Why does the equality $\sum_i^k |f(x_i)-f(x_{i-1})|=\lim_{n\to\infty}\sum_i^k |f_n(x_i)-f_n(x_{i-1})|$ holds?
Shouldn't the limit be inside the sum? And the by the convergence of $f_n$ to f, the equality holds. Is it correct?

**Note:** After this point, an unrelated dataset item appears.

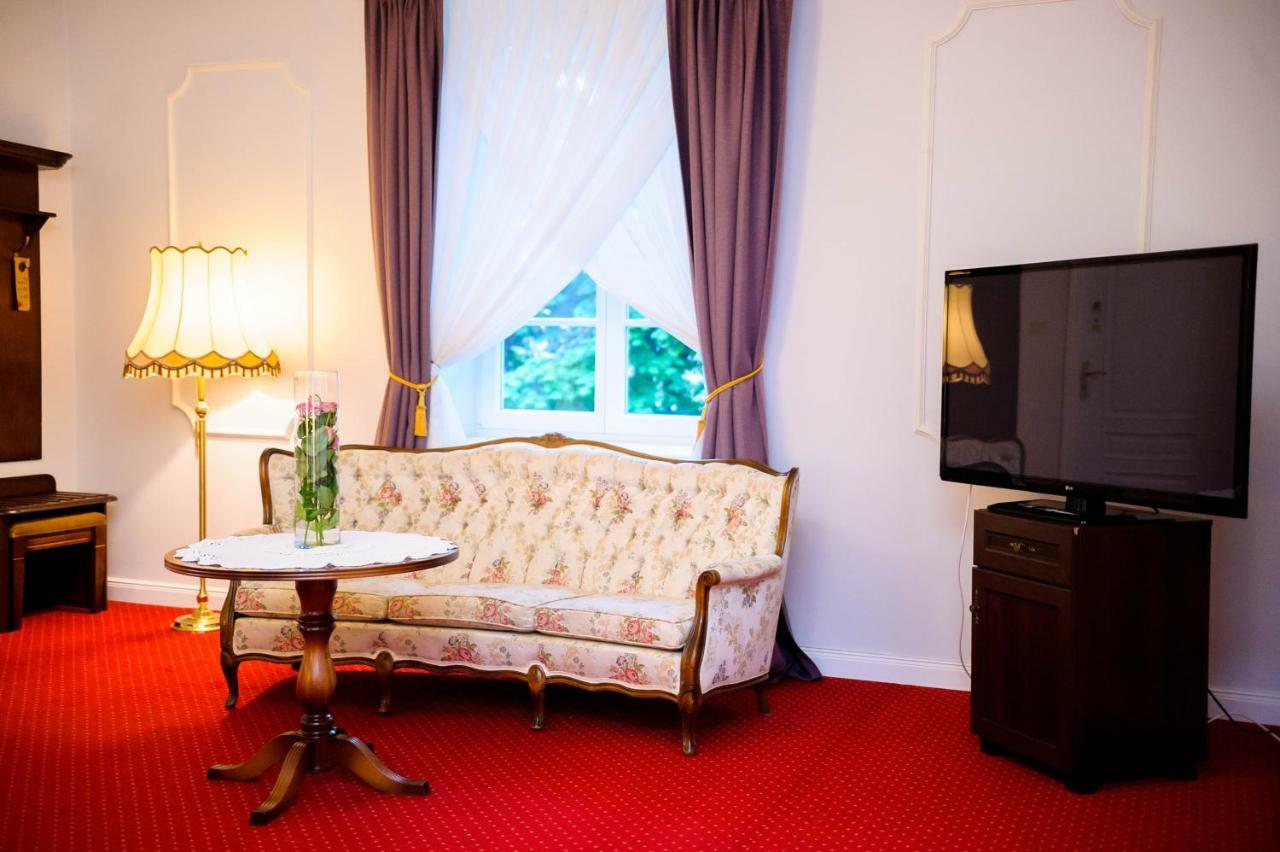 Hotel Dwor Sójki Extérieur photo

Theorem: Let ${f_k}$ be a sequence of bounded variation on $[a,b]$ such that for each $x\in [a,b]$ $f(x)=\lim_{k\to \infty}f_k(x)$. If there exist $K>0$ such that $V(f_n,[a,b])\le K$ for all $n\in \mathbb N$, then $f$ is bounded variation on $[a,b]$.
Proof:
Let $a=x_0<\cdots<x_k=b$ be a partition. Then $$\sum_i^k |f(x_i)-f(x_{i-1})|=\lim_{n\to\infty}\sum_i^k |f_n(x_i)-f_n(x_{i-1})|.$$ Since the variation is the supremum you have $$\sum_i^k |f_n(x_i)-f_n(x_{i-1})|\le V(f_n,[a,b])\le K$$ for each $n$ and so $$\lim_{n\to\infty}\sum_i^k |f_n(x_i)-f_n(x_{i-1})|\le K.$$ This shows that $$\sum_i^k |f(x_i)-f(x_{i-1})|\le K$$ for every partition $a=x_0<\cdots<x_k=b$ of $[a,b]$. Hence, $K$ is an upper bound and so by the definition of supremum of a set you get $V(f,[a,b])\le K$.